Prenons acte, avant même d'examiner dans le détail son ébauche de programme, de la construction intellectuelle sur la base de laquelle Mme Aubry l'échafaude. Son propos de "redresser le pays" part en effet d'un jugement sur le recul qu'elle en vient à constater ainsi : "Nous vivons une crise de l’avenir qui a deux réalités, le déclassement des classes populaires et moyennes et le déclin de la France comme nation et de l’Europe comme puissance dans la mondialisation." (1)
Il semble important de souligner une telle évolution rhétorique. Elle se révélera à long terme plus significative que l'examen des remèdes dont elle esquisse la formulation. La phrase de la dirigeante socialiste est due à la plume de son écrivain du jour M. Bachelay. Issu lui-même d'une lignée ouvrière, un tel phénomène fait exception dans le contexte de la rue de Solférino. Et cela impressionne certains journalistes. Reconnaissante, la gauche caviar le congratule sur le mode bien connu "enfin une main calleuse".
Dès lors, la contrepartie de cette écriture ne saurait demeurer longtemps innocente. On criera bientôt haro sur le "décliniste". Cet affreux barbarisme lui sera appliqué dès lors qu'on s'avisera qu'il raisonne exactement comme Charles Maurras en 1899 lorsqu'il commença à théoriser ce qui allait devenir le nationalisme intégral. La finance progressiste ne se méfiera jamais assez des gens de peu.
Mais, comme il se doit pour un parti d'opposition qui se respecte, son analyse impute au seul gouvernement actuel la responsabilité de la situation, tout en la trouvant, bien sûr, uniment déplorable. "On n’est pas là pour écrire un pamphlet, reprend la mégère Aubry, on doit faire le récit de la société et du monde tels qu’ils sont, du choc du sarkozysme et montrer la France telle qu’elle peut s’en sortir".

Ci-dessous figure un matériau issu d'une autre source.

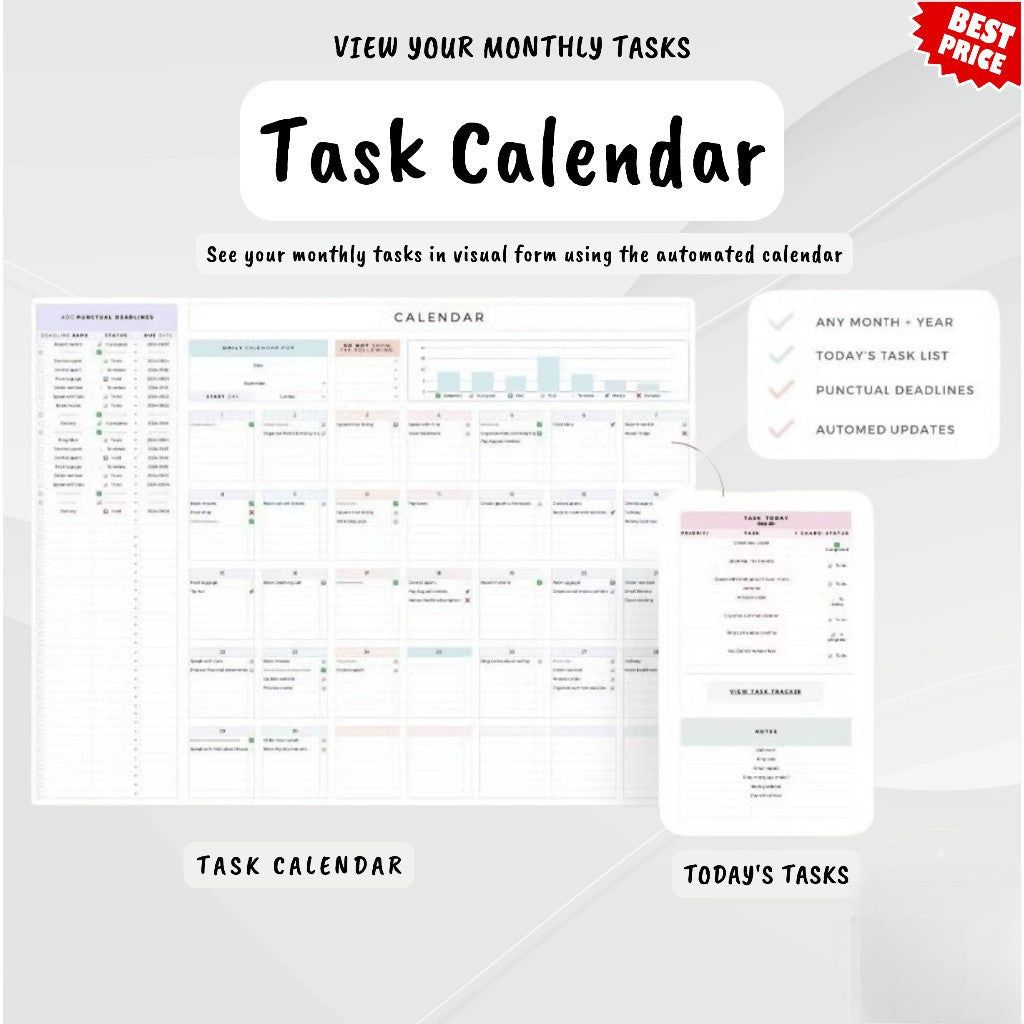 (ADL - 70) Ultimate To Do List Spreadsheet | Daily Weekly Monthly Task Planner & Digital Tracker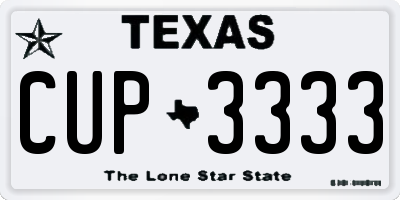 TX license plate CUP3333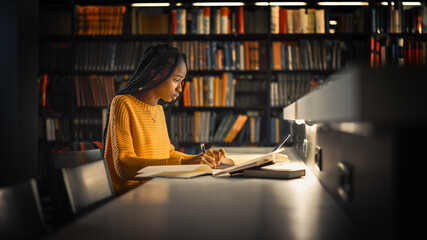 University Library: Gifted Black Girl uses Laptop, Writes Notes for the Paper, Essay, Study for...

Sans chercher quant à nous, à cirer les bottes du chef de l'État en exercice, on se surprend quand même à poser la question : de quand date la dérive vers le bas ? De 2007 exclusivement, où 53 % des Français ont jugé bon de ne pas élire Sa Glorieuse Ségolitude ? De la stagnation chiraquienne ? De la Mitterandie ? Winston Churchill allait jusqu'à indiquer pour sa part la date de 1815. Peut-être pourrait-on remonter plus haut. Tout va mal en France, mumurent certains lettrés, depuis la mort du Grand Dauphin (2). Du point de vue des finances publiques, en tout cas, la disparition de Colbert, en 1683, qui coïncide pratiquement avec l'installation de la Cour à Versailles en 1682 a plongé pour de longues années le pays dans le recours à l'emprunt et la prédation étatique.
De la même façon, les règles financières initiales établies, en 1958, par Antoine Pinay et Jacques Rueff n'ayant pas survécu à la vague soixante-huitarde, à la suite de quoi, depuis plus de 30 ans, nos politiciens font du "social à crédit", et ce mal français là, le parti socialiste ne s'apprête pas à la guérir.
Mais que l'électeur de gauche potentiel se rassure : grâce à la joyeuse formation de Mme Aubry, tout ira mieux demain. Car ayant su limiter à 5 ans pas plus l'observation du malaise, le traitement pourra se cantonner à un régime simple : on purge bébé, on supprime les "privilèges Sarkozy" et les "cadeaux fiscaux", et hop ça repart pour 5 années heureuses d'un programme simple comme l'œuf de Christophe Colomb. Il suffisait d'y penser.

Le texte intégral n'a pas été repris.